* Data shown *
++++++++++
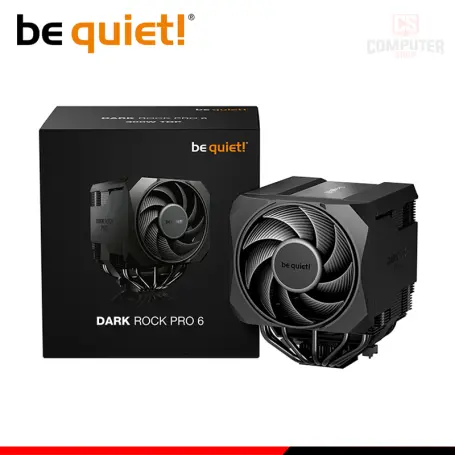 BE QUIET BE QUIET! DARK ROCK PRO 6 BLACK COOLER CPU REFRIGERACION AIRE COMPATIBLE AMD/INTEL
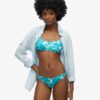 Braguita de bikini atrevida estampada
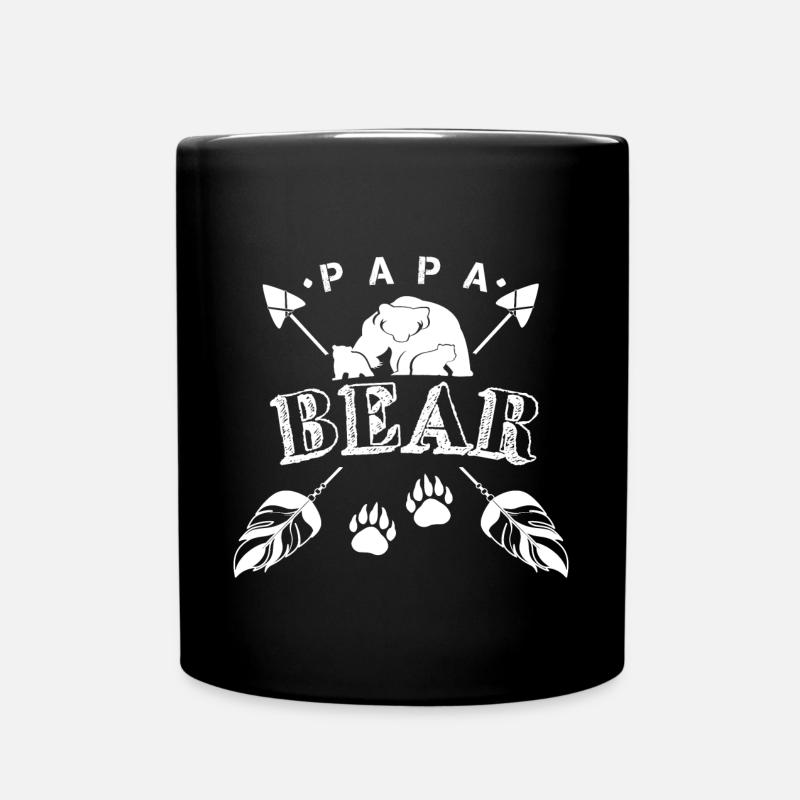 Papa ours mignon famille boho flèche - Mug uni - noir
++++++++++
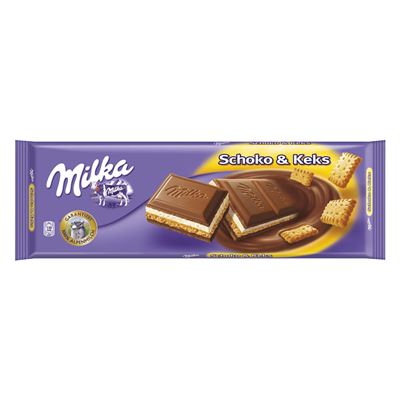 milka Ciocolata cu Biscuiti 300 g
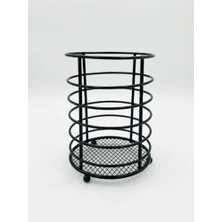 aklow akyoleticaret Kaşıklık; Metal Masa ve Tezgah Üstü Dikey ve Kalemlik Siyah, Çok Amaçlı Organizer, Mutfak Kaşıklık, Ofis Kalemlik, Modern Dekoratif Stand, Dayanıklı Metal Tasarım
++++++++++
* To do *
Repeat the lines above exactly, beginning with the one containing "milka Ciocolata cu Biscuiti 300 g" and finishing with the one containing "aklow akyoleticaret Kaşıklık;". No pictures belong in the copy.

* Task output *
 milka Ciocolata cu Biscuiti 300 g
 aklow akyoleticaret Kaşıklık; Metal Masa ve Tezgah Üstü Dikey ve Kalemlik Siyah, Çok Amaçlı Organizer, Mutfak Kaşıklık, Ofis Kalemlik, Modern Dekoratif Stand, Dayanıklı Metal Tasarım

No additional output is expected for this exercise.